** Opening RECORDS SUPPLIED block **

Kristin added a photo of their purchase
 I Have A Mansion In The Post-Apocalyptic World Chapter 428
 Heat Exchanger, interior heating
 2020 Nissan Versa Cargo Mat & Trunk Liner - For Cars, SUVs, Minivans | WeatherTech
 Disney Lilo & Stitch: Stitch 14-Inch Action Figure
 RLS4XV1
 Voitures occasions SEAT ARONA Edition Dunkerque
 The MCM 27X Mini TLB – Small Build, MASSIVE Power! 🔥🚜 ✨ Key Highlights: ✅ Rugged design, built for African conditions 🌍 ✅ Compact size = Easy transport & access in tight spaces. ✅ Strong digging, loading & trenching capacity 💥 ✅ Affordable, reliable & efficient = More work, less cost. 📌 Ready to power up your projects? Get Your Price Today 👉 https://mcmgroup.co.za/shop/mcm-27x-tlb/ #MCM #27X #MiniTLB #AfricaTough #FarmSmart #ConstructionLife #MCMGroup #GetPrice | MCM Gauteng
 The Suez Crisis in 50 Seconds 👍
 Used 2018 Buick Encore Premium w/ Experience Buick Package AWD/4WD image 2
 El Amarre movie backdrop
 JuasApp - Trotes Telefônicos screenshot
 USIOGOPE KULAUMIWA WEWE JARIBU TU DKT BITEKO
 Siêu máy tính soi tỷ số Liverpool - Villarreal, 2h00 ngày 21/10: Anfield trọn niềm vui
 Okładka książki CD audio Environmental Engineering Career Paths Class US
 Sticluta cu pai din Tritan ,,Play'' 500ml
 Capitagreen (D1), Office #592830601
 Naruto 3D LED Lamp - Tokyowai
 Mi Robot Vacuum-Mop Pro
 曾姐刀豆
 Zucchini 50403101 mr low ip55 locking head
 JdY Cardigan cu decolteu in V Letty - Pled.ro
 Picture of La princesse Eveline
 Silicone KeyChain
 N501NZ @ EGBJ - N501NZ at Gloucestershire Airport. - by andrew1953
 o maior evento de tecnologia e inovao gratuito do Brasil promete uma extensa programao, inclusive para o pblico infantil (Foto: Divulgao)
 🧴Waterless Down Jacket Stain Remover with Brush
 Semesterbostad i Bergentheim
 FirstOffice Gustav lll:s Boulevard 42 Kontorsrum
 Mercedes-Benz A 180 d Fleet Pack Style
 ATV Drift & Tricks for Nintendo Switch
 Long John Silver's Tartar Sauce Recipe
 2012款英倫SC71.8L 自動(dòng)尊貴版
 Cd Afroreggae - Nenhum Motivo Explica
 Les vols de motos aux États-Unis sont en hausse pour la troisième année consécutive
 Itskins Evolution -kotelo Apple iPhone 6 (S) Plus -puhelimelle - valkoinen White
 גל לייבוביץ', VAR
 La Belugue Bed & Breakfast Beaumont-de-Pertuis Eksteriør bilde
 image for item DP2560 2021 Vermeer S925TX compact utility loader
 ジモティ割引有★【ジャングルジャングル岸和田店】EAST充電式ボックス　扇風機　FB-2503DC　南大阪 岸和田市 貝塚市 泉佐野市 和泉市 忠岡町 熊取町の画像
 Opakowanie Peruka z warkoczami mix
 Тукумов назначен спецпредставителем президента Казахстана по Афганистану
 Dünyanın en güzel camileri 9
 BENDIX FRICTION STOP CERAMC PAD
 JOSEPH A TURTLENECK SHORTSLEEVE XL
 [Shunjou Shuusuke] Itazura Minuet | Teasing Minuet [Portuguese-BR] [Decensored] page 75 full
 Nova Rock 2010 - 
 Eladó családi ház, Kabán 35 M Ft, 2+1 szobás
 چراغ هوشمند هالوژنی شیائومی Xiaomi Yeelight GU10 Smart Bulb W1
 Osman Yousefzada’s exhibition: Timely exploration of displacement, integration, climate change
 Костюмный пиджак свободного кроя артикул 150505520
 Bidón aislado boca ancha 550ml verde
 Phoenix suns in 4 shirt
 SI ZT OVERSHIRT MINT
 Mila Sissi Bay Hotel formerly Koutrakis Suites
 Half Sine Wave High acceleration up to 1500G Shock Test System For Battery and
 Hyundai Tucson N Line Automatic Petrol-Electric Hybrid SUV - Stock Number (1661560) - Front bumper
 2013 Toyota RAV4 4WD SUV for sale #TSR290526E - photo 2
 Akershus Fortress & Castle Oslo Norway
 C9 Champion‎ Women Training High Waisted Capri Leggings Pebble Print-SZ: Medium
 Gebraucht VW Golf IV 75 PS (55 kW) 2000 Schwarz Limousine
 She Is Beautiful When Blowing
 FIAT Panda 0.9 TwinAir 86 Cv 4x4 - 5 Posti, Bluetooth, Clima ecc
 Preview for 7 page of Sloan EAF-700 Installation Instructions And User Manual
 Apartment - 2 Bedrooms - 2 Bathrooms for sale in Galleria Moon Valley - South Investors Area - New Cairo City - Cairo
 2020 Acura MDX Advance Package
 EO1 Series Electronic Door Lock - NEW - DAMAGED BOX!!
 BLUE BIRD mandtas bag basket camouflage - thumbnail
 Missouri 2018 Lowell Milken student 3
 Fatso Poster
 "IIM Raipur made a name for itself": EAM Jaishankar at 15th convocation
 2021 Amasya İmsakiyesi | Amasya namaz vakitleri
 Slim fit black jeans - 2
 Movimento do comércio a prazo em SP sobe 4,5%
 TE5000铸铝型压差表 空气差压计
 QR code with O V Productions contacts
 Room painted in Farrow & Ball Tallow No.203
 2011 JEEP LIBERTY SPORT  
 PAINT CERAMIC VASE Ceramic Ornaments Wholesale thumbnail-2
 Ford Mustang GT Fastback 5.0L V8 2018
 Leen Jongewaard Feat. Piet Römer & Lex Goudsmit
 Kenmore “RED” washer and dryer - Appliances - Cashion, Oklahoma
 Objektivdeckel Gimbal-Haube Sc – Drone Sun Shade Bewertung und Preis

** Closing RECORDS SUPPLIED block **

**THE PROBLEM:** Please repeat word for word the lines above that run from the beginning through the line containing "Voitures occasions SEAT", keeping both the first and that last line.

**OUTPUT FOR THIS EXERCISE:**
Kristin added a photo of their purchase
 I Have A Mansion In The Post-Apocalyptic World Chapter 428
 Heat Exchanger, interior heating
 2020 Nissan Versa Cargo Mat & Trunk Liner - For Cars, SUVs, Minivans | WeatherTech
 Disney Lilo & Stitch: Stitch 14-Inch Action Figure
 RLS4XV1
 Voitures occasions SEAT ARONA Edition Dunkerque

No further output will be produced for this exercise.